Elderly patients are more likely to die when the nearest rural hospital closes and they have to travel farther for treatment of time-sensitive conditions such as heart attacks and strokes, according to a study by a new University of Minnesota health economist.

The study is among the first nationally to link higher mortality rates with rural hospital closures, which have been happening with increasing frequency.

At least 113 rural U.S. hospitals have closed since 2010; Minnesota has mostly escaped the trend.

"When I zoom in to look at patients with time-sensitive health conditions, I find that they do worse when their [nearest] hospitals close," said Caitlin Carroll, who conducted the research for her doctorate at Harvard University. She was recruited to the U's School of Public Health this summer.

Carroll also found that many small hospitals averted closure by getting federal "critical access" designation, which qualifies them for higher payments from the federal Medicare program. Those hospitals saw reductions in mortality.

That is a significant finding for Minnesota, which has the fourth-most critical access hospitals in the nation.

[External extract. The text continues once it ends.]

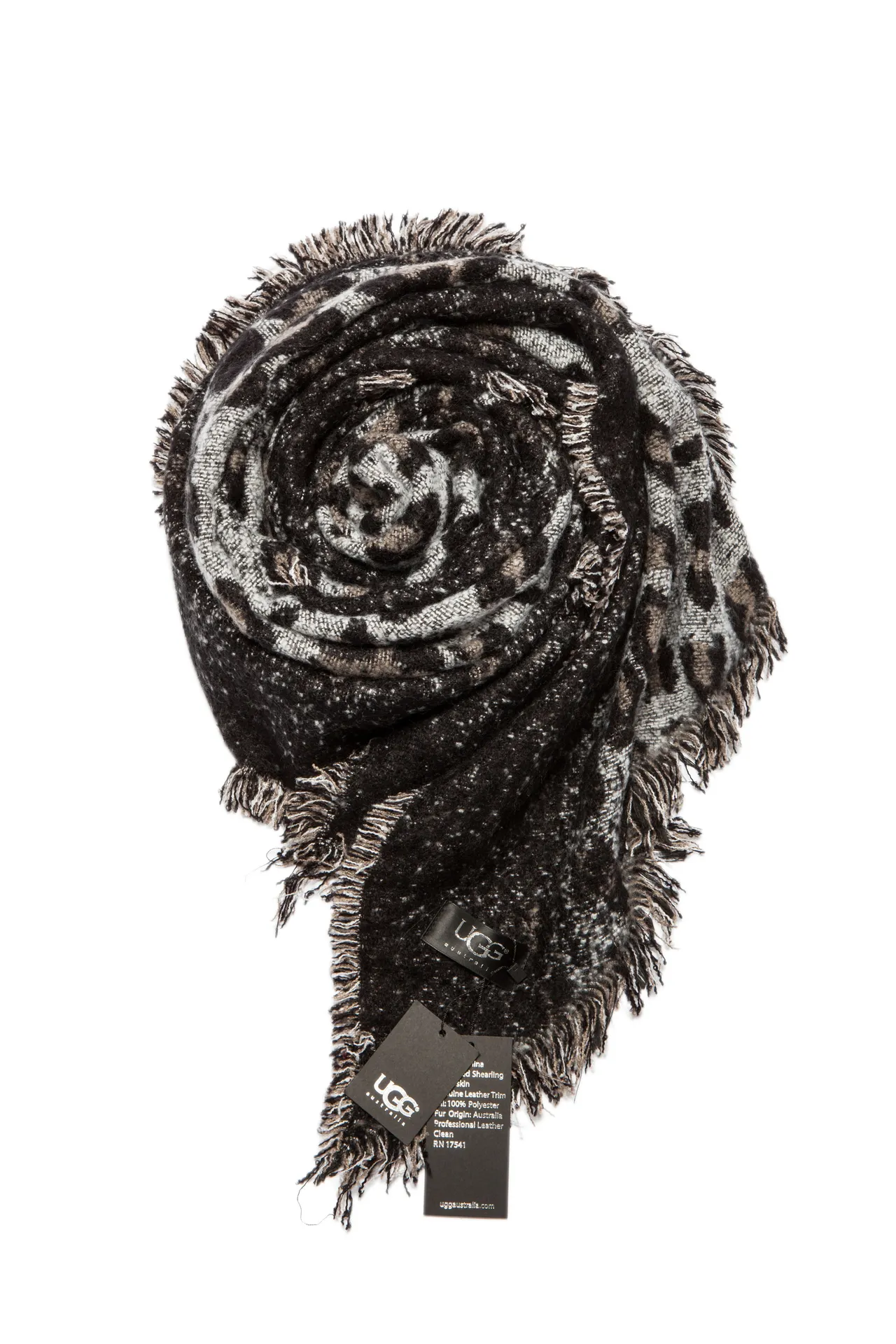 Gray Black Leopard-Print Woven Scarve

However, those mortality reductions came at a steep cost. Her research also found that most rural hospitals probably could have stayed open without the higher payments. So it's possible that many lives could have been saved with considerably less federal hospital spending.

Carroll's research undercut some theories, including the proposition that rural patients might do better after a hospital closes because they would travel farther for higher-quality care.

That wasn't the case. "The second closest hospital is another small facility that looks pretty much the same [as the first closest] on quality metrics," she said.

Carroll's study was based on a review of Medicare recipients who lost their closest hospitals and then needed inpatient treatment for time-sensitive conditions. She compared them with patients in the same regions for whom the closed hospitals were only second closest.

Deaths increased only among those who lost their closest hospitals, reflecting the fact that many were in their 80s and struggled to travel longer distances for medical care.

Carroll then looked specifically at patients who had to travel an additional 15 miles or more for time-sensitive care after their closest hospitals shut down. The death rate increased 10% in this group.